= Charles Vernon Lisle =

American politician (1906–1982)

Charles Vernon Lisle (October 1, 1906 – April 29, 1982) was an American politician.

==Early life and career==
Vern Lisle was born in Clarinda, Iowa, on October 1, 1906, to parents Edwin Lisle Sr. and Edith Crane. He had four siblings, three sisters and a brother. Lisle was educated in his hometown, attended the University of Iowa from 1923 to 1926, then transferred to the University of Michigan, where he graduated in 1928 with a Bachelor of Science degree in civil engineering. He then took over the leadership of family-owned manufacturing company Lisle Corporation from his father in 1936, serving as president until 1970, when he was replaced by his brother.

==Political career==
Lisle was elected to three terms on the Clarinda school board in the 1940s, overlapping with the start of his tenure on the Iowa House of Representatives. In total, Lisle was elected to seven consecutive terms from House District 9, and served continuously from January 10, 1949, to January 13, 1963. Between January 12, 1959, and January 8, 1961, Lisle was speaker of the state house. For the 1962 Iowa Senate election, District 6 was expanded to a multi-member district, and Lisle was elected to serve alongside incumbent senator Orval C. Walter. In 1964, District 6 reverted to a single-member district, represented solely by Lisle. Lisle won a second four-year term in 1966, but left office on October 17, 1969, necessitating a special election, won by Earl Bass.

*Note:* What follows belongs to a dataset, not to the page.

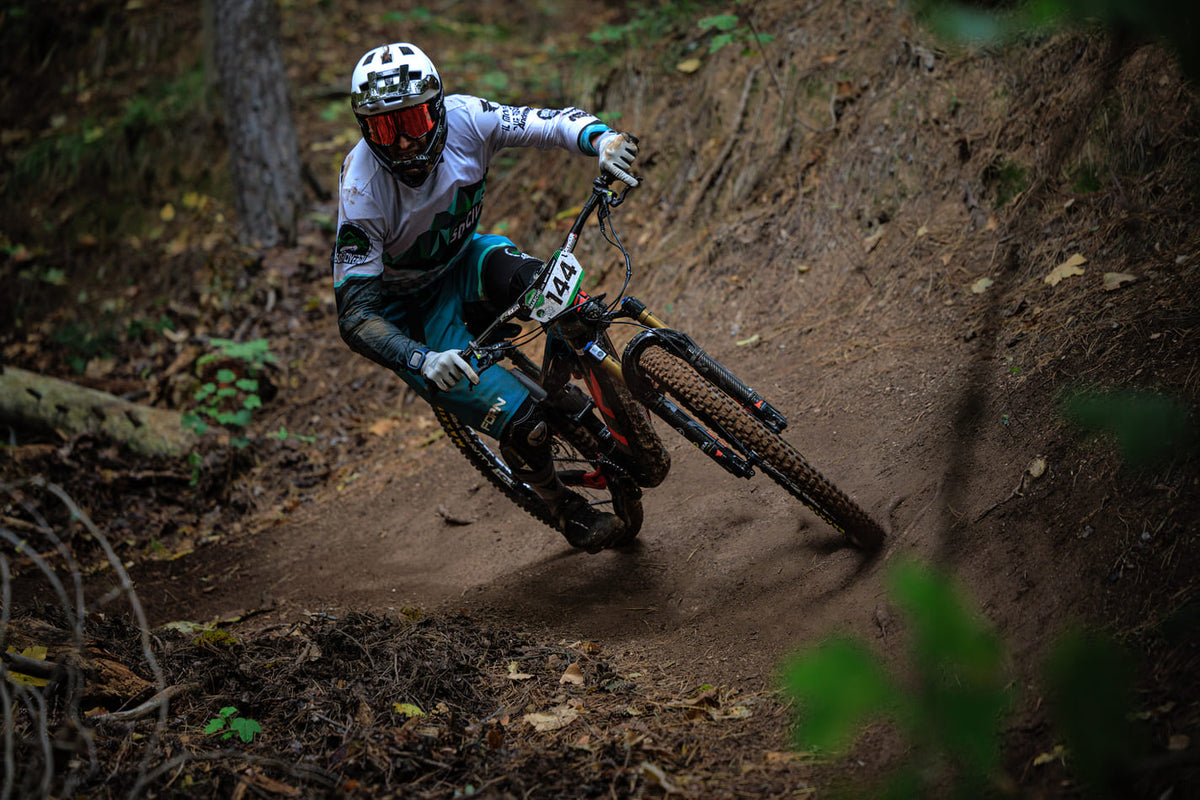 Enduro Marche Series: tra pochi giorni l'apertura degli abbonamenti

During his legislature career, Lisle was an advocate of education and community colleges. During his first legislative term, Lisle helped advance a bill on presidential primary balloting through the Iowa General Assembly. He was considered the favorite for the house speakership prior to the 58th Iowa General Assembly. After his election to the role, Lisle announced the establishment of three special committees on highway safety, reapportionment, and state planning and development. During his speakership, Lisle opposed a 1959 bill permitting dove shooting. That same year, a session of the 58th General Assembly became the first in Iowa history to cost over $1 million. In 1963, Lisle worked alongside colleagues Jack Schroeder and Howard C. Buck to review fair employment legislation.

==Death==
Lisle died on April 29, 1982, in Atlantic, Iowa.